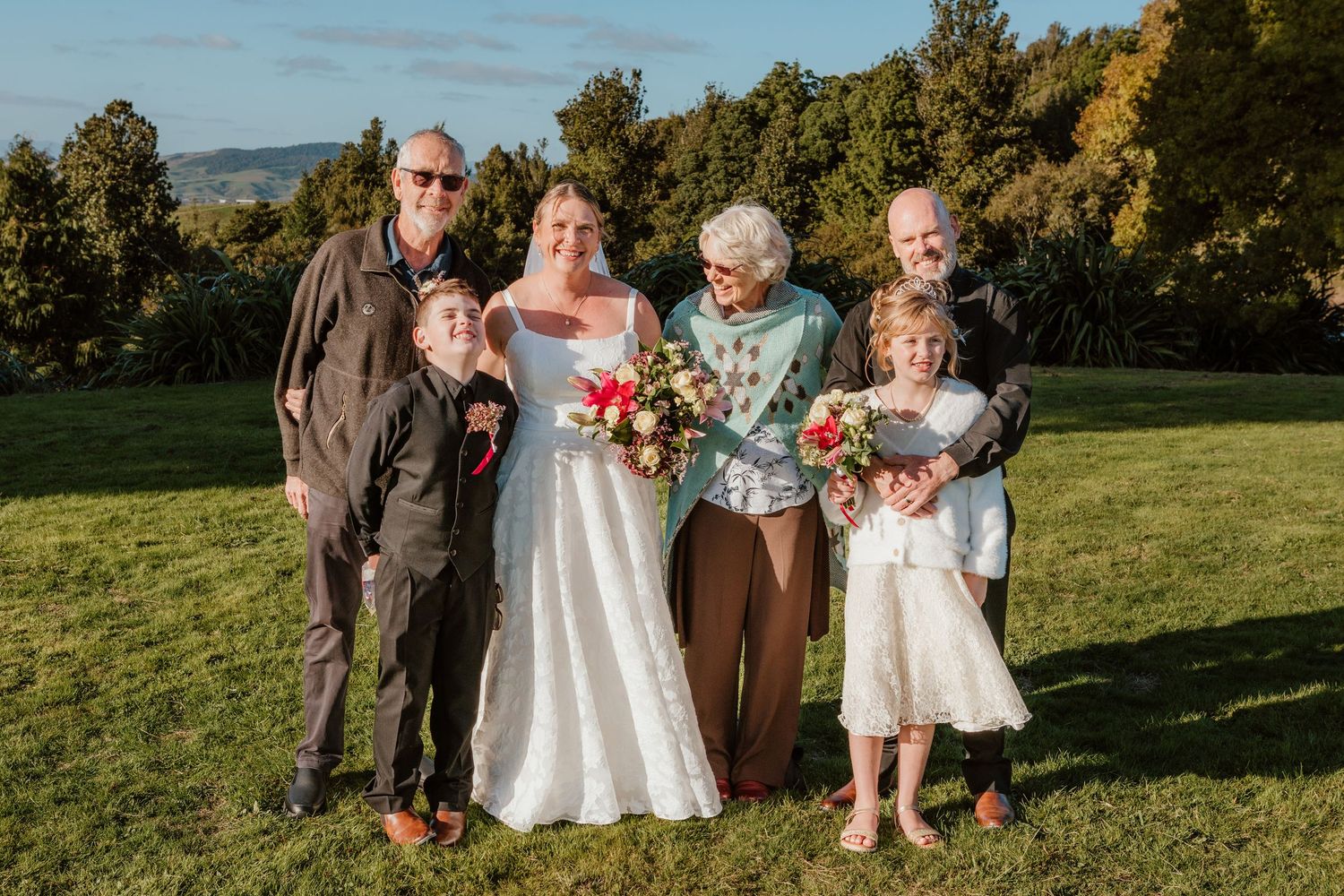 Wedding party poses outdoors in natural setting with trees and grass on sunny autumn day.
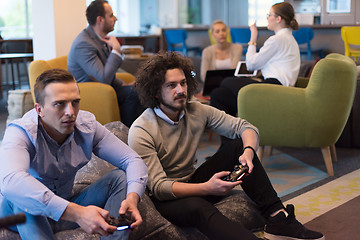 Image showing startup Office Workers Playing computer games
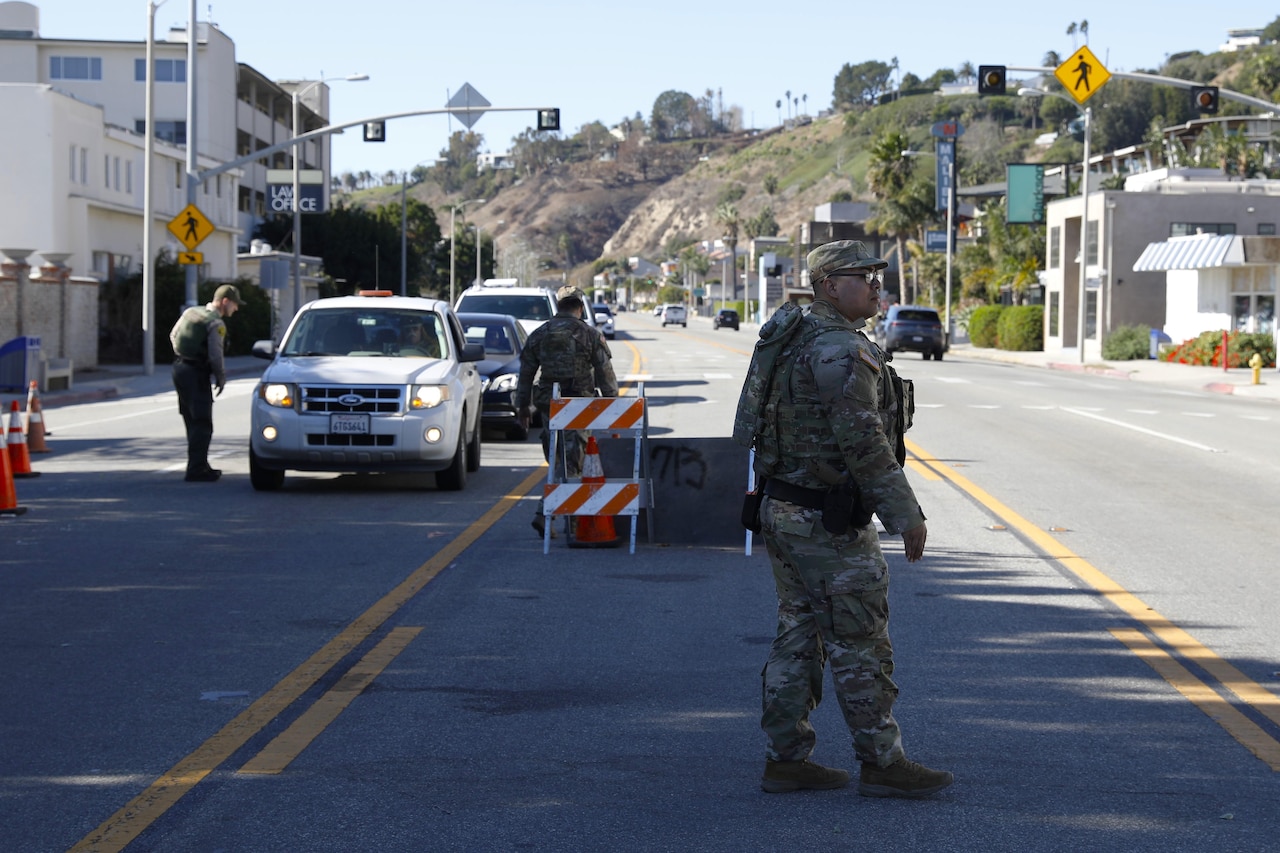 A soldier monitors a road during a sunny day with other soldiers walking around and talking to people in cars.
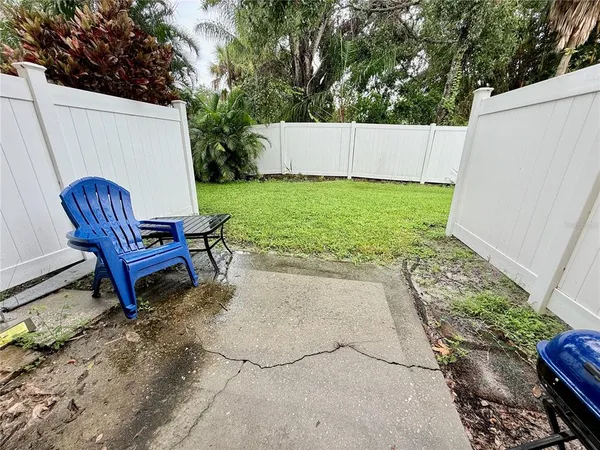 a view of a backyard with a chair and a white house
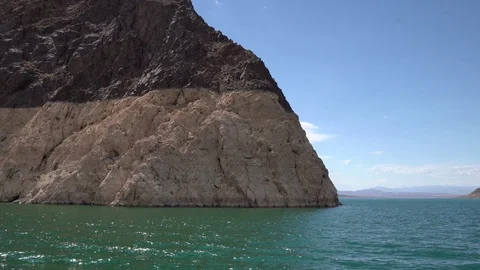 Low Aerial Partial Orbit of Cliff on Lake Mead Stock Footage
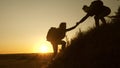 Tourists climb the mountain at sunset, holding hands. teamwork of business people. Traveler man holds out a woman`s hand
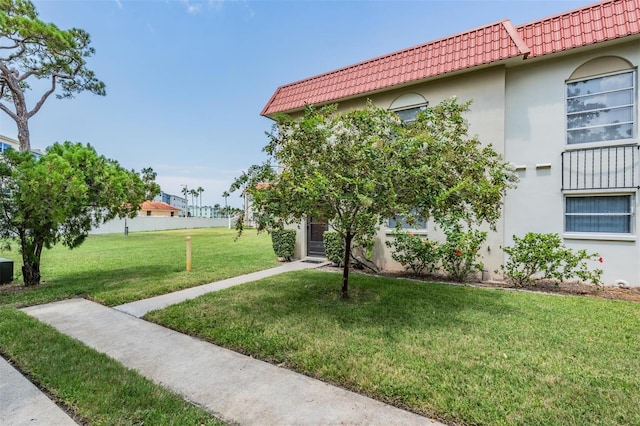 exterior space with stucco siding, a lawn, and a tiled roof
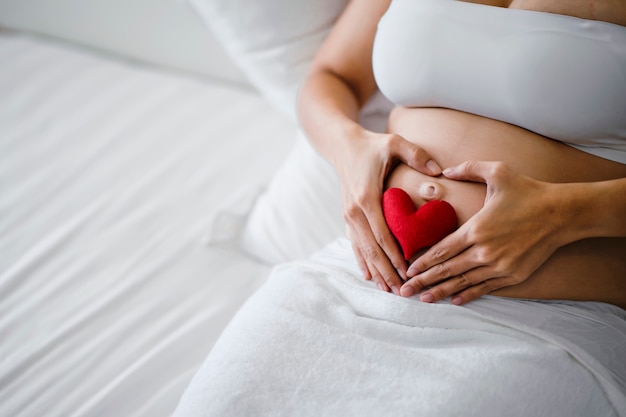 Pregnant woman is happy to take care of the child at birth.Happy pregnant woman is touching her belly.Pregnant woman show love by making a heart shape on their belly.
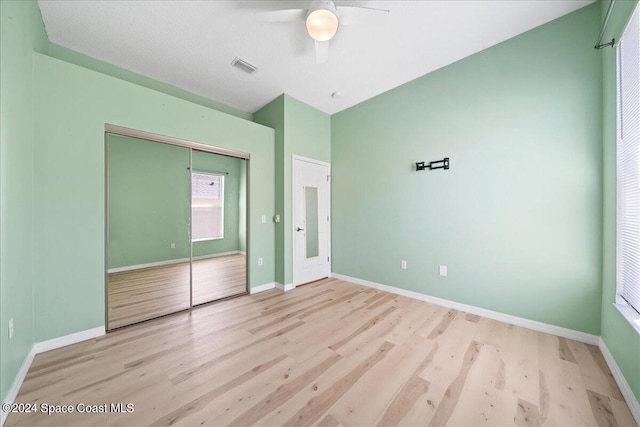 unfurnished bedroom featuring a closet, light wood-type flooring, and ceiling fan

----------

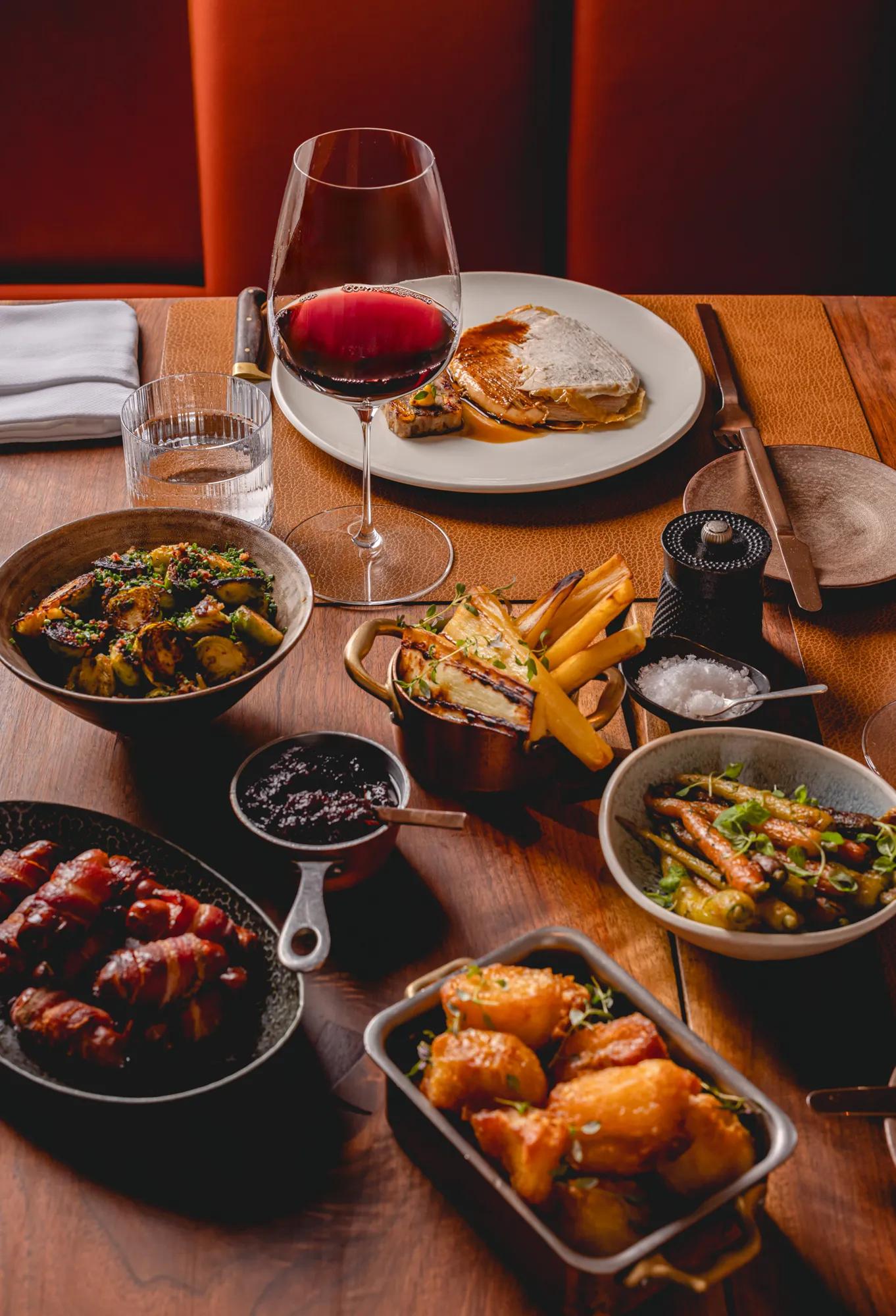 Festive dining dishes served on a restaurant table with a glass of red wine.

----------

• Work request: Using the material above, transcribe exactly the lines from the one holding "a view of a" to the one holding "Pregnant woman is happy", both ends kept. Do not carry over any pictures.

• Solved problem:
 a view of a backyard with a chair and a white house
 Low Aerial Partial Orbit of Cliff on Lake Mead Stock Footage
 Tourists climb the mountain at sunset, holding hands. teamwork of business people. Traveler man holds out a woman`s hand
 exterior space with stucco siding, a lawn, and a tiled roof
 Pregnant woman is happy to take care of the child at birth.Happy pregnant woman is touching her belly.Pregnant woman show love by making a heart shape on their belly.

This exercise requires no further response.